Records follow. Copy every line with "Bowls".

BEGIN Exercise data

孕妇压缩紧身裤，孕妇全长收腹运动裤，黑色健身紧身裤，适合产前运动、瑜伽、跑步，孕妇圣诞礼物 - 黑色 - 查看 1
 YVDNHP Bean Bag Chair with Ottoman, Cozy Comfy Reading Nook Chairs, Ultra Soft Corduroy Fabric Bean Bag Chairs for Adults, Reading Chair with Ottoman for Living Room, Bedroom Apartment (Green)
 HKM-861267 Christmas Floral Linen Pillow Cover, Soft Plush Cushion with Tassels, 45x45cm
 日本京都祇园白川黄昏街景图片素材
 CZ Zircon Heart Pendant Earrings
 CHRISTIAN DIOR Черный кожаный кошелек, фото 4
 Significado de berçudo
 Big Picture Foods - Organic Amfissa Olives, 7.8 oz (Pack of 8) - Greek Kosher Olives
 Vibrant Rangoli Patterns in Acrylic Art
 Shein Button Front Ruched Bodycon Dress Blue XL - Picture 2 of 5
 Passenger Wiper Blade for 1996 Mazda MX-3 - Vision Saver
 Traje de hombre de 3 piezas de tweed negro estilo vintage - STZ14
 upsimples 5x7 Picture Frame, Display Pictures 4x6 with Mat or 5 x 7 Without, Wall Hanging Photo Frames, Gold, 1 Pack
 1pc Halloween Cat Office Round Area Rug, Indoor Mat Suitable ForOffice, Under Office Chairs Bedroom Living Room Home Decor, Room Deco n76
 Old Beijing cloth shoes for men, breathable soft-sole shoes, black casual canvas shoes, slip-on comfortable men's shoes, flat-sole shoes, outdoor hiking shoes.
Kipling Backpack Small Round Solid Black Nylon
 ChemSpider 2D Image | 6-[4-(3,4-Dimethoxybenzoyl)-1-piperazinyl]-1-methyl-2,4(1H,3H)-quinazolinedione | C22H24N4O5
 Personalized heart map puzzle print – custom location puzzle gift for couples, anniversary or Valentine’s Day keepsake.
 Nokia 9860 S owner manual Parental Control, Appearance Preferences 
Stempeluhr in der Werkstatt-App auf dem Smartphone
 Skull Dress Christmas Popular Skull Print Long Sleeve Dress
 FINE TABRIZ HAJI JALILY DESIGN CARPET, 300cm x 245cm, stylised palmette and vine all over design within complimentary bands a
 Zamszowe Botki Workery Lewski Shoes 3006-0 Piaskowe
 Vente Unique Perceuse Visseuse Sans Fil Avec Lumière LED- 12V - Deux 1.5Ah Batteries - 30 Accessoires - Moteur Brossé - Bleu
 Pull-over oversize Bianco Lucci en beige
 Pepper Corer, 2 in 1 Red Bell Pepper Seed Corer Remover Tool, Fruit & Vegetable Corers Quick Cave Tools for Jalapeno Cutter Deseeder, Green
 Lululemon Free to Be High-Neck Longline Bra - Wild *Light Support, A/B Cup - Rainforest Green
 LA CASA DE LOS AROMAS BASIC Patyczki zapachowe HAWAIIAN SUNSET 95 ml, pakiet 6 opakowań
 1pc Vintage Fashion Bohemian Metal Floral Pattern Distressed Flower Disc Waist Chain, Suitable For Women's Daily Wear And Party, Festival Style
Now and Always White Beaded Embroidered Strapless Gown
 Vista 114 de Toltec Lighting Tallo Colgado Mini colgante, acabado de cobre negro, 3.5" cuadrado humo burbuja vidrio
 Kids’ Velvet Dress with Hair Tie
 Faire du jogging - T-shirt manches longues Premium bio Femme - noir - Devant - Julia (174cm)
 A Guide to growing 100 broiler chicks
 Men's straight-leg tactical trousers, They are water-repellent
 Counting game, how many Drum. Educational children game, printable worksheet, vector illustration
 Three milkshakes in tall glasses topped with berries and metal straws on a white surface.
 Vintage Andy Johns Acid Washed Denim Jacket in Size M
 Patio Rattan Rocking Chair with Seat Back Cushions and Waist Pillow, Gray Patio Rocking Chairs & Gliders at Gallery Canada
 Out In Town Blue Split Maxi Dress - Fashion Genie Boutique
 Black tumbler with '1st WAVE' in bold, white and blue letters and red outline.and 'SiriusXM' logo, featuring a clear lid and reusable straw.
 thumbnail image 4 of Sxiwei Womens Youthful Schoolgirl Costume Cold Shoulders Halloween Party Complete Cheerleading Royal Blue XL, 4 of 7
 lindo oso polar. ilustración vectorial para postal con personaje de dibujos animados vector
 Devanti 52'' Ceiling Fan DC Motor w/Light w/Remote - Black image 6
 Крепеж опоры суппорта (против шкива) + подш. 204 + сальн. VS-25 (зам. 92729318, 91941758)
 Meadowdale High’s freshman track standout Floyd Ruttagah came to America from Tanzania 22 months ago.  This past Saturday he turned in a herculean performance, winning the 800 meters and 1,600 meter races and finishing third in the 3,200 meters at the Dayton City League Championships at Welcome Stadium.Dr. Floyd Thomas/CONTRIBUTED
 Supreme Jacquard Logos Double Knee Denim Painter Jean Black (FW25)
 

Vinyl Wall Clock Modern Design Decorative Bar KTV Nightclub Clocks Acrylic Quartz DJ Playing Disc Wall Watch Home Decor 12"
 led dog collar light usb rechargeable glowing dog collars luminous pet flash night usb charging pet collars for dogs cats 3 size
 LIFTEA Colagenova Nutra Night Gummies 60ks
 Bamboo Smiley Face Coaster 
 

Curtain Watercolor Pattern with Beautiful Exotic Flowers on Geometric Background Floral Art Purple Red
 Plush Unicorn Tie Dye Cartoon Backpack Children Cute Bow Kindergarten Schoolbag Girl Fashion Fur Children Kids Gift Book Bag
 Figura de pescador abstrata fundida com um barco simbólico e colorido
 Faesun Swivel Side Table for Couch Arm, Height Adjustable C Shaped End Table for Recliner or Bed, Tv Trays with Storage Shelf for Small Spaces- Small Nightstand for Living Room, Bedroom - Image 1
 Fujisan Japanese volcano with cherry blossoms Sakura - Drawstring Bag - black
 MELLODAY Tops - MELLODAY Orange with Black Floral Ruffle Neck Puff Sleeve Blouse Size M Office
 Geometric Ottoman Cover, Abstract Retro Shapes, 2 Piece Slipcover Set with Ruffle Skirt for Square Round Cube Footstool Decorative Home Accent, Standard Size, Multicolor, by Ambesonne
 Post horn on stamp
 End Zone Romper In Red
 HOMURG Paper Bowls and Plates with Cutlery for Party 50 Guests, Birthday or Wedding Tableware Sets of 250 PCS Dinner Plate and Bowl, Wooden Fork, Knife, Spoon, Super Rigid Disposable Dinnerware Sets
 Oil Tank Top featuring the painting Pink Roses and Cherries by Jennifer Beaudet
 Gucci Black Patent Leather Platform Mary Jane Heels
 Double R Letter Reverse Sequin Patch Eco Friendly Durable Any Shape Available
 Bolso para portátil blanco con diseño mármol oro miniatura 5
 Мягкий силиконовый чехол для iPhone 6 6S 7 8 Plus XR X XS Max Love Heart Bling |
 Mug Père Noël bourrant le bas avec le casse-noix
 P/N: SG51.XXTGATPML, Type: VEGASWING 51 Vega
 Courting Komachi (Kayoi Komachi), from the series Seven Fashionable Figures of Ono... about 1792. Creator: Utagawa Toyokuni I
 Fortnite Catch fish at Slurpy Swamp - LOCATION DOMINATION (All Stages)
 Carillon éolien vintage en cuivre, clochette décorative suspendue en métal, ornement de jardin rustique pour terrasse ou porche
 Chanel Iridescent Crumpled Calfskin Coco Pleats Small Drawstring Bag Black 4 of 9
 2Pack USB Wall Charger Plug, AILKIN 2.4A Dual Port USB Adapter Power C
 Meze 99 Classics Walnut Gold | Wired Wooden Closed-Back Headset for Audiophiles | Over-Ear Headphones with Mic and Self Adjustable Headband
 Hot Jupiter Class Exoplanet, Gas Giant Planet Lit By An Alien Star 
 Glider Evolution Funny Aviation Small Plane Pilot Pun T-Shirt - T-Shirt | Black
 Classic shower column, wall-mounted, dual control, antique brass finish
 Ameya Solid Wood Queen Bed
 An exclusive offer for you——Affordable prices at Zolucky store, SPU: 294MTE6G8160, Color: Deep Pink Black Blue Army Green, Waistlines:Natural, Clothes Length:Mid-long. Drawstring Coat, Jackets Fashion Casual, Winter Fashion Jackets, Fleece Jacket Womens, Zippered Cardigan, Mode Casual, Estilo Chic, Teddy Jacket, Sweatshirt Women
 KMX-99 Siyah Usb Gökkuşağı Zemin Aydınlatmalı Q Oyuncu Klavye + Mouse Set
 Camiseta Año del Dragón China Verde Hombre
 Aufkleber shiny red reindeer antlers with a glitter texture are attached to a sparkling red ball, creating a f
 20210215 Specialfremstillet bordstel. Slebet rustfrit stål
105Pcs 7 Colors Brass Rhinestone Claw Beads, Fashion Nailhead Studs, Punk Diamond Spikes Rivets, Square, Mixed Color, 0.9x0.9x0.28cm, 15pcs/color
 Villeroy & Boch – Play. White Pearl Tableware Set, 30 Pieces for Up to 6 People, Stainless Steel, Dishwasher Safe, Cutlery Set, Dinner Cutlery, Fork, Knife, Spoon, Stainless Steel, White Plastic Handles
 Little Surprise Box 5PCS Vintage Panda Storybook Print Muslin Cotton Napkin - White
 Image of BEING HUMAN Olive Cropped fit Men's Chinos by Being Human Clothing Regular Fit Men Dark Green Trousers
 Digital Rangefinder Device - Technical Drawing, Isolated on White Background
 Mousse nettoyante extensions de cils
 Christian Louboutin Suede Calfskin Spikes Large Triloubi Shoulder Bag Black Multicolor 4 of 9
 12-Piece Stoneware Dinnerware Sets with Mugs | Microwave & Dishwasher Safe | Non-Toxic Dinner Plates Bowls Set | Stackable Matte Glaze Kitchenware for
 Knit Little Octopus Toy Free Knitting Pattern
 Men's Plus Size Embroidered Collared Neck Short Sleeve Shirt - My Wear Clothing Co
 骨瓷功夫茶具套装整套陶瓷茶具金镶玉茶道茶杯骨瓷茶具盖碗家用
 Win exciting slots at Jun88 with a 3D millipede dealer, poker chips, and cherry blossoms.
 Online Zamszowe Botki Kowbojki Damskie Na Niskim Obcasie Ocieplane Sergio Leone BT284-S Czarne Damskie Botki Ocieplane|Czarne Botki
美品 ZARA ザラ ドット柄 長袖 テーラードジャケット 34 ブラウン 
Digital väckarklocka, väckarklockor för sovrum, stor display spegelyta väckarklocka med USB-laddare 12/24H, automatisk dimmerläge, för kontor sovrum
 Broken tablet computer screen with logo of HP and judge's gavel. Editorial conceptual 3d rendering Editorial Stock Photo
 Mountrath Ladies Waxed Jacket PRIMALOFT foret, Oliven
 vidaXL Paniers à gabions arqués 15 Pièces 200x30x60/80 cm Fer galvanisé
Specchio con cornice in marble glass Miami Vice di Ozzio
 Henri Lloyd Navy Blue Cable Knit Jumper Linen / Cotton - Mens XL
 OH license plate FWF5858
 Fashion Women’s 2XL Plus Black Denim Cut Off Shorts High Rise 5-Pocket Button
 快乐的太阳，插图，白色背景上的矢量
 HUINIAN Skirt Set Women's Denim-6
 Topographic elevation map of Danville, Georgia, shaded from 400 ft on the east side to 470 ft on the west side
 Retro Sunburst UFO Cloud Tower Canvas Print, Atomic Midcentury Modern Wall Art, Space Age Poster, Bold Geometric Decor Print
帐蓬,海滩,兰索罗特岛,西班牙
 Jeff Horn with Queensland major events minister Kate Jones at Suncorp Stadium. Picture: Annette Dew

END Exercise data

Exercise answer
 HOMURG Paper Bowls and Plates with Cutlery for Party 50 Guests, Birthday or Wedding Tableware Sets of 250 PCS Dinner Plate and Bowl, Wooden Fork, Knife, Spoon, Super Rigid Disposable Dinnerware Sets
 12-Piece Stoneware Dinnerware Sets with Mugs | Microwave & Dishwasher Safe | Non-Toxic Dinner Plates Bowls Set | Stackable Matte Glaze Kitchenware for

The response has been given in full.